What is the number of lines in these records that hold the word "Sculpture"? Reply with that number alone.

-- -- --

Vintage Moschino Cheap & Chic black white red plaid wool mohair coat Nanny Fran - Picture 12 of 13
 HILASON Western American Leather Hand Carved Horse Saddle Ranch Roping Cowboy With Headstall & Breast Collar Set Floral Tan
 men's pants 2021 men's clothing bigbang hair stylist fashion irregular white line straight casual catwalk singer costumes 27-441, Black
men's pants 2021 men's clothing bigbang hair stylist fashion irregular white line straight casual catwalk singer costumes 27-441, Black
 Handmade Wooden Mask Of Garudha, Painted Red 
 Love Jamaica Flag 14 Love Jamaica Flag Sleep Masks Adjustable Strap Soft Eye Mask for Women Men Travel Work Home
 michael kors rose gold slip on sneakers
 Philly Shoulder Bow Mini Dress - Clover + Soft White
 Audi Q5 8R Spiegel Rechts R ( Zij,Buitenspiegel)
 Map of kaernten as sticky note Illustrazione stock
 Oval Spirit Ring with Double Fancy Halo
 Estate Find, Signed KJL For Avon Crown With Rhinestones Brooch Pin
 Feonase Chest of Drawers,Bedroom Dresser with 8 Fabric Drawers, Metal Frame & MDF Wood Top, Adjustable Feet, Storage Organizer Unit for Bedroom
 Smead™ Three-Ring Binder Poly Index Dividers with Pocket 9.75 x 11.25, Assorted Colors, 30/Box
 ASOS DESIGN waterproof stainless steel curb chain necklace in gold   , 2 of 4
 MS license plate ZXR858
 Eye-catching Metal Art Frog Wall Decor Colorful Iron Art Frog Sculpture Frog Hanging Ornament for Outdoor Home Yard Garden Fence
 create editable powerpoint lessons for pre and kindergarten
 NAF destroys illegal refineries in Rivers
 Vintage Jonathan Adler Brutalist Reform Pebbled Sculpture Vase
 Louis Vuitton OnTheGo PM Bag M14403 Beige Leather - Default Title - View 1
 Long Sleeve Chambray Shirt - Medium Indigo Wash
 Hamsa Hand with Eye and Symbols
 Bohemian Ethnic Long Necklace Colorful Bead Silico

-- -- --

Answer area: 2